#### Action item
Exactly as they appear below, repeat the lines from the one with "Pull Fair Isle" through the one with "Boohoo Zonnejurk Met", and no others.
▼
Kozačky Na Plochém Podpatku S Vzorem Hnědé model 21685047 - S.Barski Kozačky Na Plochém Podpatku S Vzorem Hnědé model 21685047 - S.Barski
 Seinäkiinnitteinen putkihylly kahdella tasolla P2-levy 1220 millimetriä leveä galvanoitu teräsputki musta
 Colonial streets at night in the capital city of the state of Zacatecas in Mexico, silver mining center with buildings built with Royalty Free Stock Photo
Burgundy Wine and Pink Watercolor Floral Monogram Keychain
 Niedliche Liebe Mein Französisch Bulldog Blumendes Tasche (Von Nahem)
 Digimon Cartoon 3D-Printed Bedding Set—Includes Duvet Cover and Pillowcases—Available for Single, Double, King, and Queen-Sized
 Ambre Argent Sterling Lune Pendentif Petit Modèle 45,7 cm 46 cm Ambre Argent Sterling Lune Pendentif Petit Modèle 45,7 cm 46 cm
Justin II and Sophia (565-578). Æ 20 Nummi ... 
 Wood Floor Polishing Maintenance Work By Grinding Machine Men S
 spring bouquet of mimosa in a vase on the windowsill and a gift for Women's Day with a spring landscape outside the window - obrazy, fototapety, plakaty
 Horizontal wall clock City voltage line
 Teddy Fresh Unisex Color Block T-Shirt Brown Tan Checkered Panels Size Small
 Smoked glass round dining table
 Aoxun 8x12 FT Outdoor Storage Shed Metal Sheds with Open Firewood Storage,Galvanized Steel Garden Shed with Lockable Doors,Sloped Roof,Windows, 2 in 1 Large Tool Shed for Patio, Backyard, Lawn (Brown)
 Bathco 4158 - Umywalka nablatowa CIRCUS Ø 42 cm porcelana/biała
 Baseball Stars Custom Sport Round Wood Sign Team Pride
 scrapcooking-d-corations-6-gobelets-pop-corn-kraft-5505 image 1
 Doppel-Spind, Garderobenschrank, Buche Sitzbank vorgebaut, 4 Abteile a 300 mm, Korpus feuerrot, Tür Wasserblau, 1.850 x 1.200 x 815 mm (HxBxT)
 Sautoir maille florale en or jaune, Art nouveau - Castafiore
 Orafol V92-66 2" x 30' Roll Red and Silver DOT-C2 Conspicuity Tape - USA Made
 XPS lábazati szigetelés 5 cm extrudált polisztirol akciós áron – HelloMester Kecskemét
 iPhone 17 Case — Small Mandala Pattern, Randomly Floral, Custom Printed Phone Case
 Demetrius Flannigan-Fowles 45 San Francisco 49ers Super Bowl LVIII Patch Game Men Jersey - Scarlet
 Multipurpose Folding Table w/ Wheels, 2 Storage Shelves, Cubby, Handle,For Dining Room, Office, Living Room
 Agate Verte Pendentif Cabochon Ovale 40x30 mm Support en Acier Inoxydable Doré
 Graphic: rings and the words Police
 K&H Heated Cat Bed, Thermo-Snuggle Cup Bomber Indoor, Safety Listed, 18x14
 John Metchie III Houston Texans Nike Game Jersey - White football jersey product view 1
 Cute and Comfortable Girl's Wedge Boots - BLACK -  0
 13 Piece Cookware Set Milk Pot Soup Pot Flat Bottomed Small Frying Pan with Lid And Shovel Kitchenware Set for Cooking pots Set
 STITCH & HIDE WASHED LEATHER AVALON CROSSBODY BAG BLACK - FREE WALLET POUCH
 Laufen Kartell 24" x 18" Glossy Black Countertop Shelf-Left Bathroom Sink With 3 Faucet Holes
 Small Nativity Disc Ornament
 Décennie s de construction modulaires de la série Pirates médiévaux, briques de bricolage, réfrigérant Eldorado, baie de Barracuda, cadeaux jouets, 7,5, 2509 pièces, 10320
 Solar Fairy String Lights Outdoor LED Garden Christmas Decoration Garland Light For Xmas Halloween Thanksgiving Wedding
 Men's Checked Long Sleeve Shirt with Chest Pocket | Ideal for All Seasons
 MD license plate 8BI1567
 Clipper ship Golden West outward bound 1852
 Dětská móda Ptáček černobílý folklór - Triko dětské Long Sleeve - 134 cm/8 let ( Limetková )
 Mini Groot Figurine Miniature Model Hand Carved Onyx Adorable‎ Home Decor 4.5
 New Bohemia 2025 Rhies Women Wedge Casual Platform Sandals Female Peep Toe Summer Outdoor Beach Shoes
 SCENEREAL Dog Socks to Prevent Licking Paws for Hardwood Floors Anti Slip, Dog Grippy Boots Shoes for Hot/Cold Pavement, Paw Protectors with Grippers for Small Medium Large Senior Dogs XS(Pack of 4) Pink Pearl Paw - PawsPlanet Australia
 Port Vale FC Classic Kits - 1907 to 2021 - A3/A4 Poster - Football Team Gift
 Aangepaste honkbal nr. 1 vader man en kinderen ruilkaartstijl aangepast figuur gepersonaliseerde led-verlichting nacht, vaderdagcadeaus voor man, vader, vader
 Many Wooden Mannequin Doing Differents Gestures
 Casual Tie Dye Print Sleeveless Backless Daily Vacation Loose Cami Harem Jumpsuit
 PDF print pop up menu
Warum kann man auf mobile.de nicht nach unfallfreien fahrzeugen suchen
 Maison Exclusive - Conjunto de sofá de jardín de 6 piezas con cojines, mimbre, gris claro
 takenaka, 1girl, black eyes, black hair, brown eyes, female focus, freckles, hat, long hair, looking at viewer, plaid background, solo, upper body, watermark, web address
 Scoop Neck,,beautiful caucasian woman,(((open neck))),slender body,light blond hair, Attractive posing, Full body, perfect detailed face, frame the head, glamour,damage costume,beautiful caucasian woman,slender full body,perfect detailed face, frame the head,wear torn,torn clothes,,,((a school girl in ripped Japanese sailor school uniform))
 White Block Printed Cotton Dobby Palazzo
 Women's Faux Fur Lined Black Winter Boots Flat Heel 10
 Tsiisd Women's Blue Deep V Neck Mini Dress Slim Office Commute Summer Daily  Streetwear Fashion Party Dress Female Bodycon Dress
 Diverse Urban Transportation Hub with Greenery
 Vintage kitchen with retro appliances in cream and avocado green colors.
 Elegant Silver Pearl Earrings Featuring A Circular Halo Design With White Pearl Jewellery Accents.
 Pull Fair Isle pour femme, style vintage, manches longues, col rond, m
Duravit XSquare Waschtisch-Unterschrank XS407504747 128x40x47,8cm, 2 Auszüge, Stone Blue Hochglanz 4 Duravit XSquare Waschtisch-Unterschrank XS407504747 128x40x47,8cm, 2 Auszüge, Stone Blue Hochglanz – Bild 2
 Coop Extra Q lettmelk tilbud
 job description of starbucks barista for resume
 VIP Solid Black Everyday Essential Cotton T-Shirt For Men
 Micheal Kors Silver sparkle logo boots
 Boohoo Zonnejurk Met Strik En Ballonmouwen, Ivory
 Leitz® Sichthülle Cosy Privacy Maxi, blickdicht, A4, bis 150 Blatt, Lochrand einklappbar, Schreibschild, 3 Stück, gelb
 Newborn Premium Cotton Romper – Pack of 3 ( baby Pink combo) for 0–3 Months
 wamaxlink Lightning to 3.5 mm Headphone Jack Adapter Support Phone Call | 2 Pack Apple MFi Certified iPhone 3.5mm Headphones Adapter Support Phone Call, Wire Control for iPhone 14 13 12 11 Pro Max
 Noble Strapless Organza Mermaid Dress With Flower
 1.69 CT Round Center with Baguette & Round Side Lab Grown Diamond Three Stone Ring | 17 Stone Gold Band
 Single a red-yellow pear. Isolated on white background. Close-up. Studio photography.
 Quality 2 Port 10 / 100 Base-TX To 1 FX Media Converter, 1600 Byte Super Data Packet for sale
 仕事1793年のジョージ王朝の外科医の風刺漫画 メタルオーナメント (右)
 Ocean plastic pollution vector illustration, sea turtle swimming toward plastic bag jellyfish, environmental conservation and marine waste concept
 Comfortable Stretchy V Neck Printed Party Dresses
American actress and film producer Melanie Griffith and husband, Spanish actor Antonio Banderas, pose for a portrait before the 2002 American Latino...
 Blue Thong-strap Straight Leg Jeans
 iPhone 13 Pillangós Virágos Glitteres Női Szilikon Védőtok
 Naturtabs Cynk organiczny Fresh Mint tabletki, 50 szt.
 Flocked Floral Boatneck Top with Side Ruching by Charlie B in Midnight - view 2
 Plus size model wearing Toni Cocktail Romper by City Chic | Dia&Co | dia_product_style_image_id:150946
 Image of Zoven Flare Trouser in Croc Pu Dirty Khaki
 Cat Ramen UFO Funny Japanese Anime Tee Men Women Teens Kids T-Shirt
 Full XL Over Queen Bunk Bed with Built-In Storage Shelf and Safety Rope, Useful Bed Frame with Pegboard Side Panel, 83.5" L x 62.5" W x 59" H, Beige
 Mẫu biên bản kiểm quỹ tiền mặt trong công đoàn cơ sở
▲
#### Exercise output
 Pull Fair Isle pour femme, style vintage, manches longues, col rond, m
Duravit XSquare Waschtisch-Unterschrank XS407504747 128x40x47,8cm, 2 Auszüge, Stone Blue Hochglanz 4 Duravit XSquare Waschtisch-Unterschrank XS407504747 128x40x47,8cm, 2 Auszüge, Stone Blue Hochglanz – Bild 2
 Coop Extra Q lettmelk tilbud
 job description of starbucks barista for resume
 VIP Solid Black Everyday Essential Cotton T-Shirt For Men
 Micheal Kors Silver sparkle logo boots
 Boohoo Zonnejurk Met Strik En Ballonmouwen, Ivory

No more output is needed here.